C’è stato tempo fino al 28 febbraio per inviare le vostre foto al Photo contest “Le zone umide nella piana di Gela”. Le foto hanno come tema le zone umide della nostra piana. Non solo laghi ed invasi artificiali ma anche zone umide temporanee, zone che si allagano stagionalmente, acquitrini, foci dei fiumi.

Il contest è stato lanciato dalla Riserva naturale Biviere di Gela e pubblicizzato da RAMSAR, ente internazionale che ha come mission quella di tutelare le zone umide di tutto il pianeta per rispondere all’esigenza di invertire il processo di trasformazione e distruzione delle zone umide quali ambienti primari per la vita degli uccelli acquatici, che devono percorrere particolari rotte migratorie attraverso diversi Stati e Continenti per raggiungere ad ogni stagione i differenti siti di nidificazione, sosta e svernamento. Le foto, oltre ad accrescere l’album della Riserva e ad essere pubblicizzate nei social, verranno inserite nel sito internazionale worldwetlands day che mette insieme tutti i siti RAMSAR del mondo attenzionati dall’UNESCO

Il 12 Marzo verranno scelte le tre foto più belle che vinceranno una selezione di prodotti biologici di aziende che hanno sposato il progetto della biodiversità.
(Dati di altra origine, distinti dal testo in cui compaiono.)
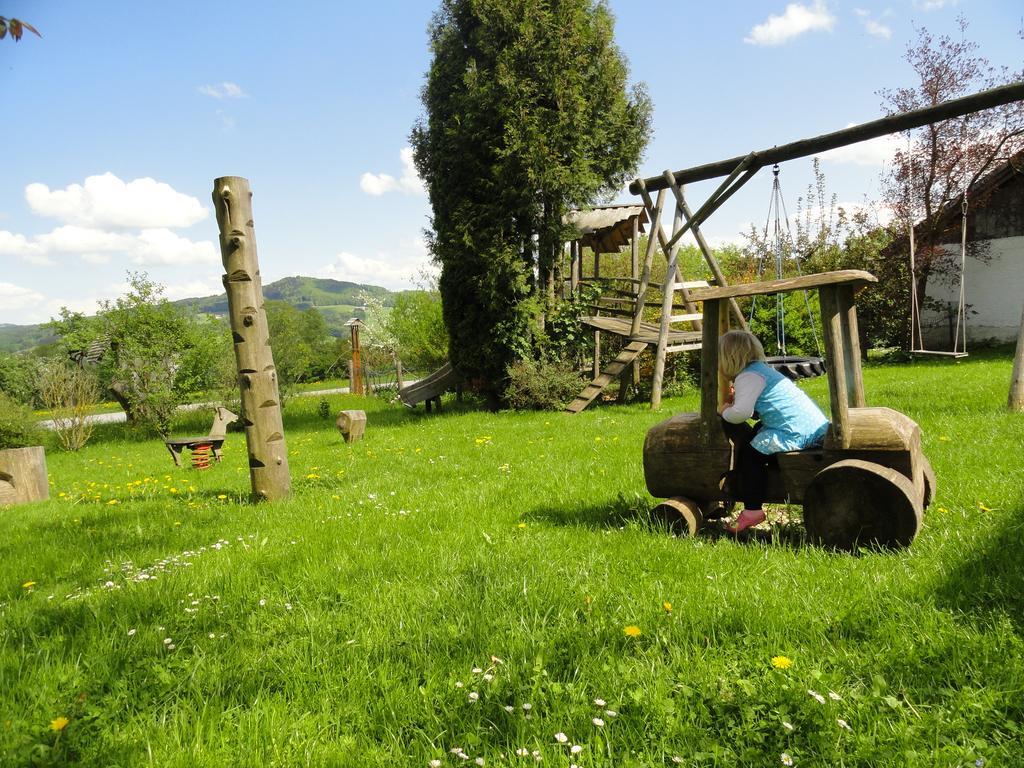 Baby- Und Kinderhof Aicherbauer Seeham Exterior foto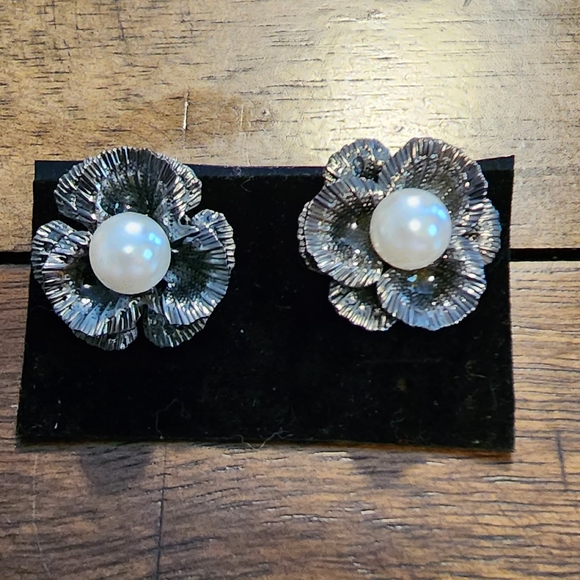 Flower pearl earrings silver - Picture 3 of 4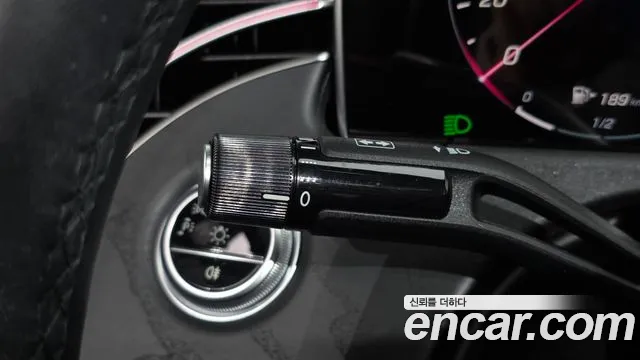Mercedes-Benz E-Class — фото 27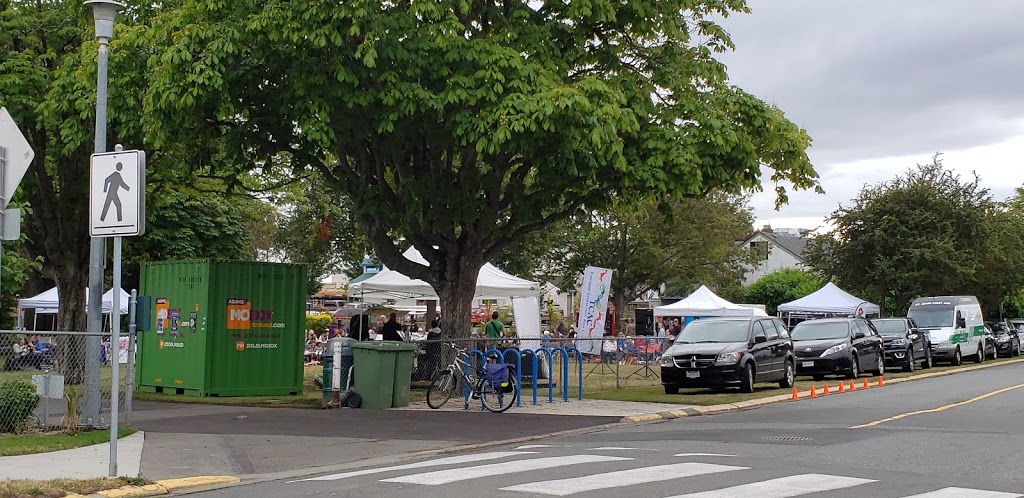 Memorial Park | 1200 Esquimalt Rd, Victoria, BC V9A 3N8, Canada | Phone: (250) 412-8500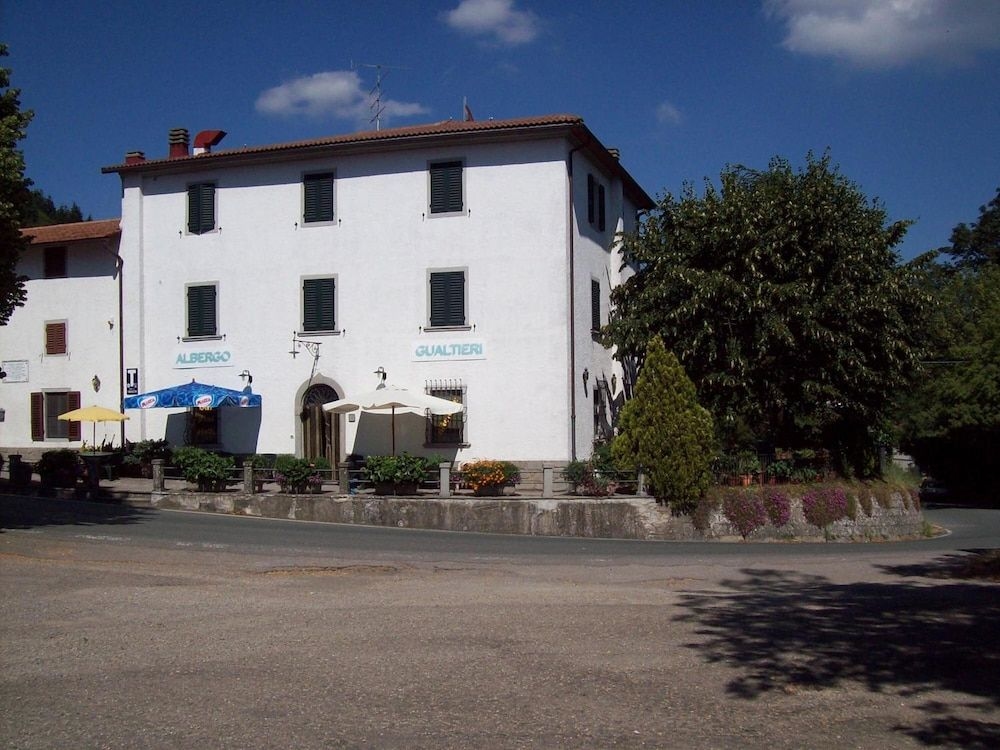 Albergo Ristorante Gualtieri2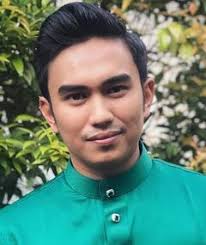 Namun, sedang mereka bercuti, jefri pergi berjumpa dengan sepertimana yang anda sedia maklum, filem misteri dilaila mempunyai dua versi yang ditayangkan setiap satunya di pawagam berlainan. Misteri Dilaila Version 2 Cast Crew On Mubi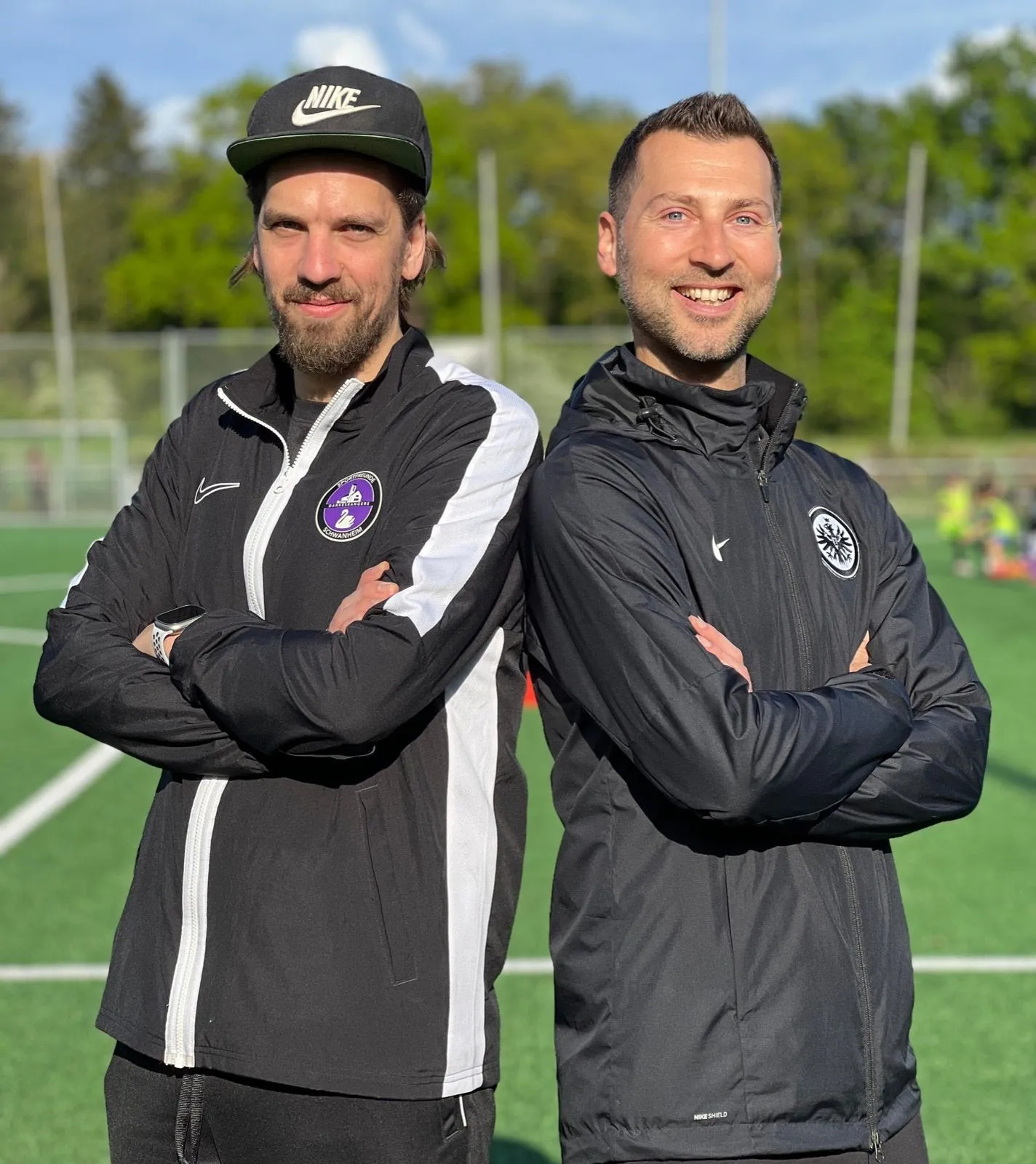 Die Trainer der G2020, Matthias Drews und Daniel Wolf, auf dem Sportplatz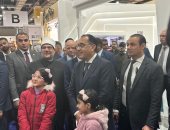الأطفال يلتقطون الصور التذكارية مع رئيس الوزراء بافتتاح معرض الكتاب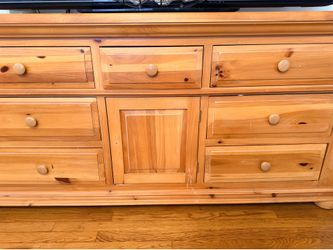 Dresser // entertainment center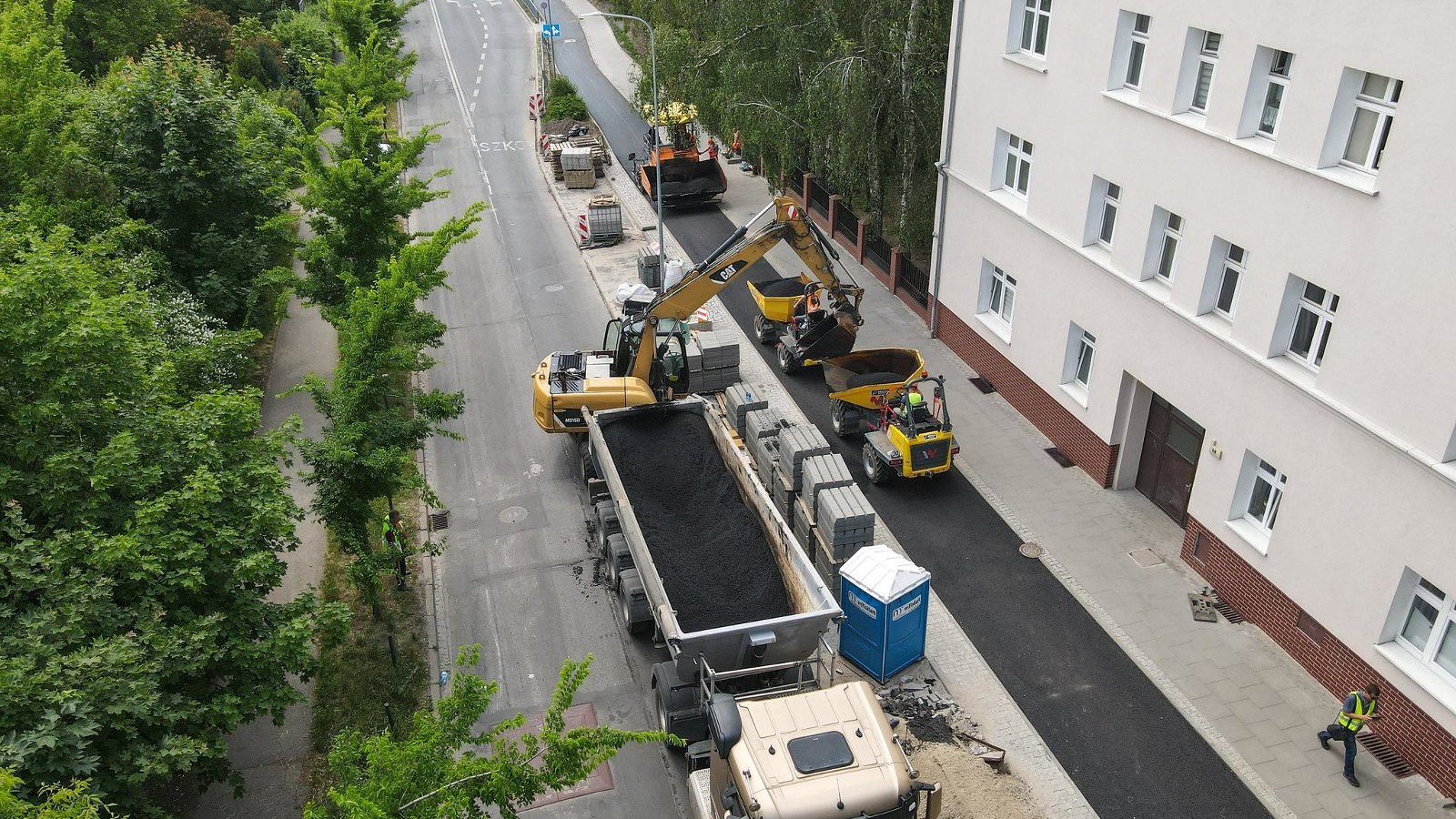 Budowa drogi rowerowej wzdłuż ul. Dmowskiego 1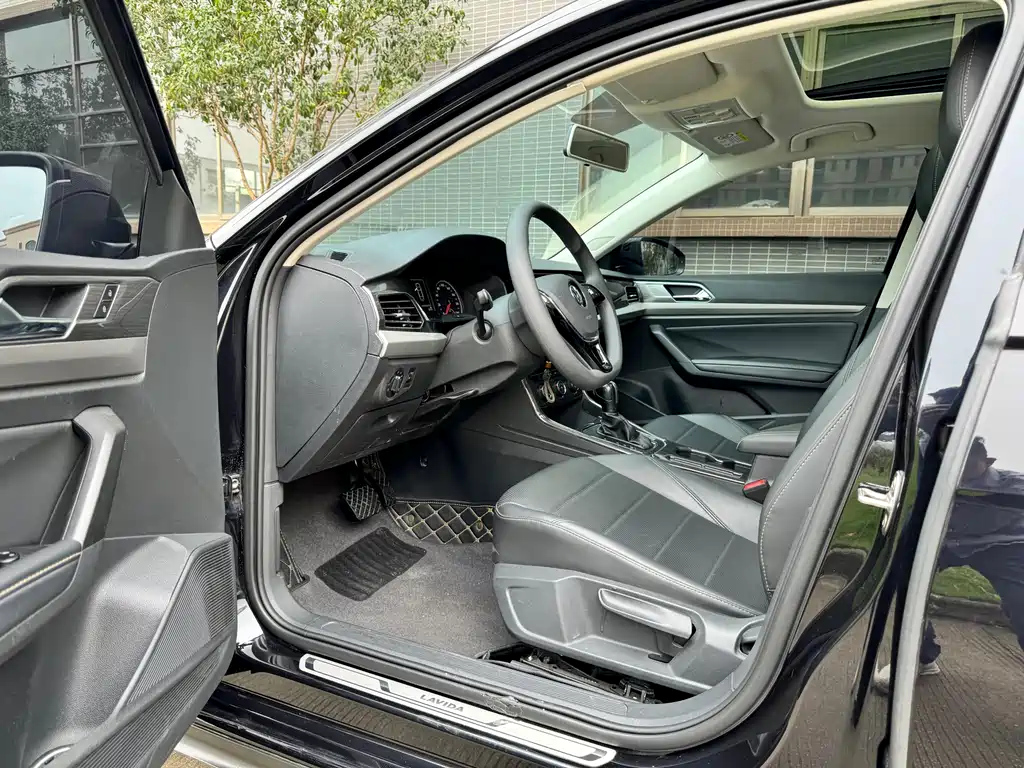 VOLKSWAGEN LAVIDA 2019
Il Biviere di Gela è il più grande lago costiero della Sicilia e costituisce una delle più importanti zone di sosta e svernamento per numerose specie di uccelli migratori. L’avifauna, rappresentata da oltre 200 specie, costituisce pertanto l’elemento di maggiore rilievo naturalistico della Riserva. Un contest è di certo uno strumento capace di catalizzare l’attenzione degli utenti in modo, se vogliamo, leggero ed interattivo. Avvicinare quante più persone possibili a questi luoghi troppo spesso dimenticati è un obiettivo bello e capace di generare consapevolezza verso chi questi luoghi li conosce da sempre e soprattutto verso chi per incuria li abbandona a se stessi.